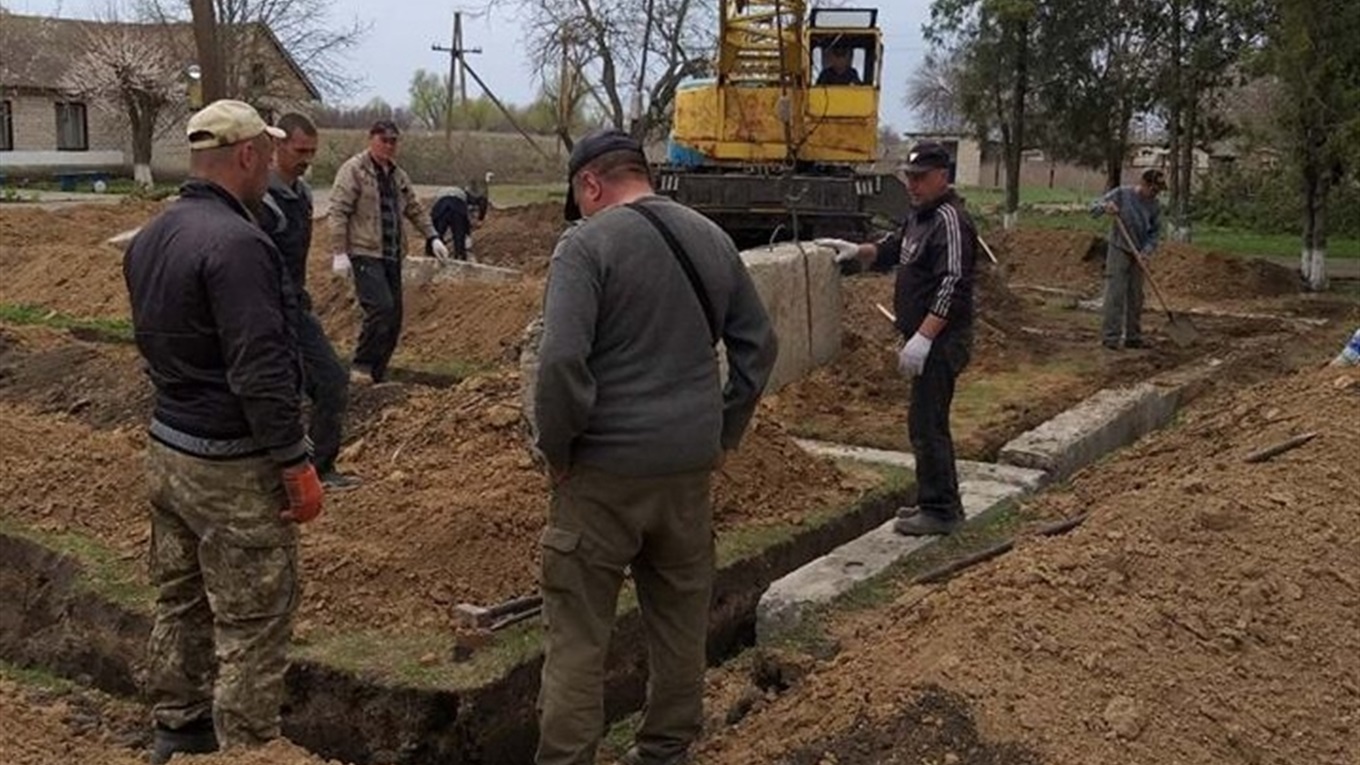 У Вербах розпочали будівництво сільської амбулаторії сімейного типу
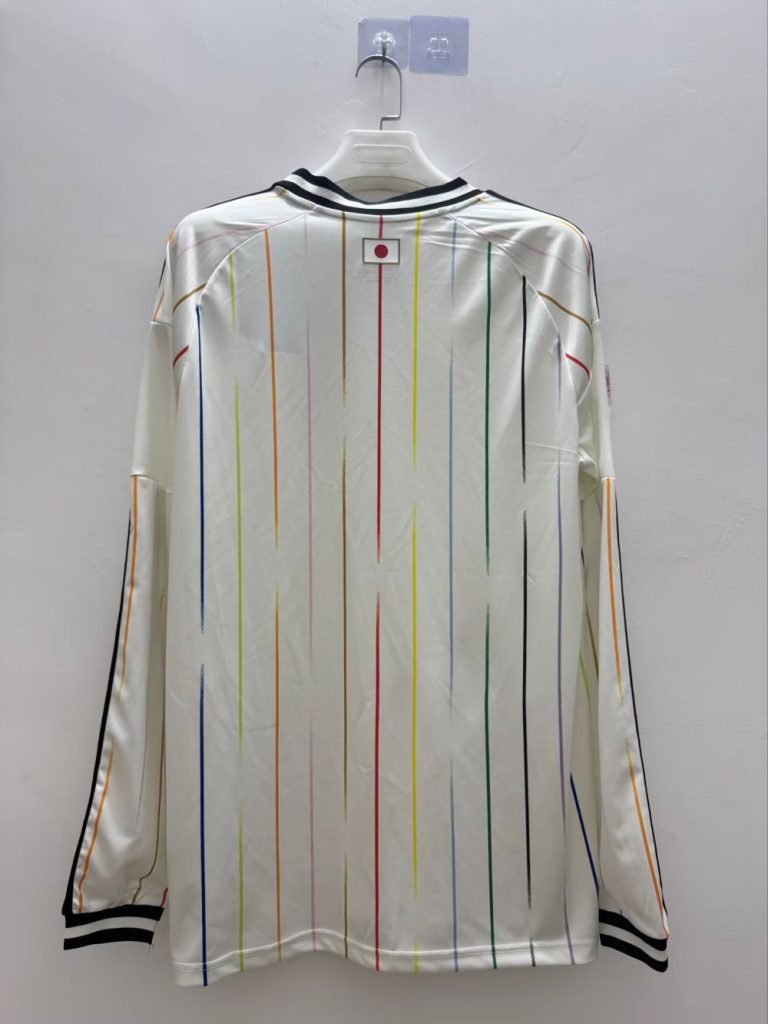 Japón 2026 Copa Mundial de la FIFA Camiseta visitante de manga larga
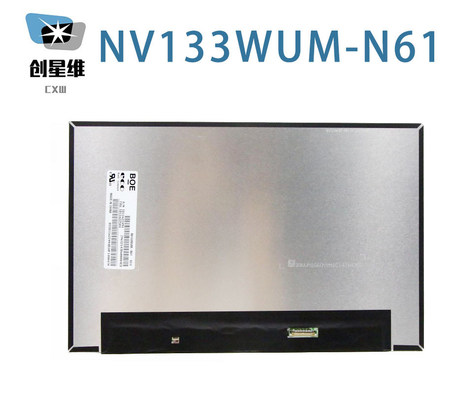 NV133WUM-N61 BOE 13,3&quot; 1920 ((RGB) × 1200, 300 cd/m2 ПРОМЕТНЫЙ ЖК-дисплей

- PROBLEM DESCRIPTION
Restate the data above word for word. Do not include the images.

- ANSWER SECTION
 У Вербах розпочали будівництво сільської амбулаторії сімейного типу
 Japón 2026 Copa Mundial de la FIFA Camiseta visitante de manga larga
 NV133WUM-N61 BOE 13,3&quot; 1920 ((RGB) × 1200, 300 cd/m2 ПРОМЕТНЫЙ ЖК-дисплей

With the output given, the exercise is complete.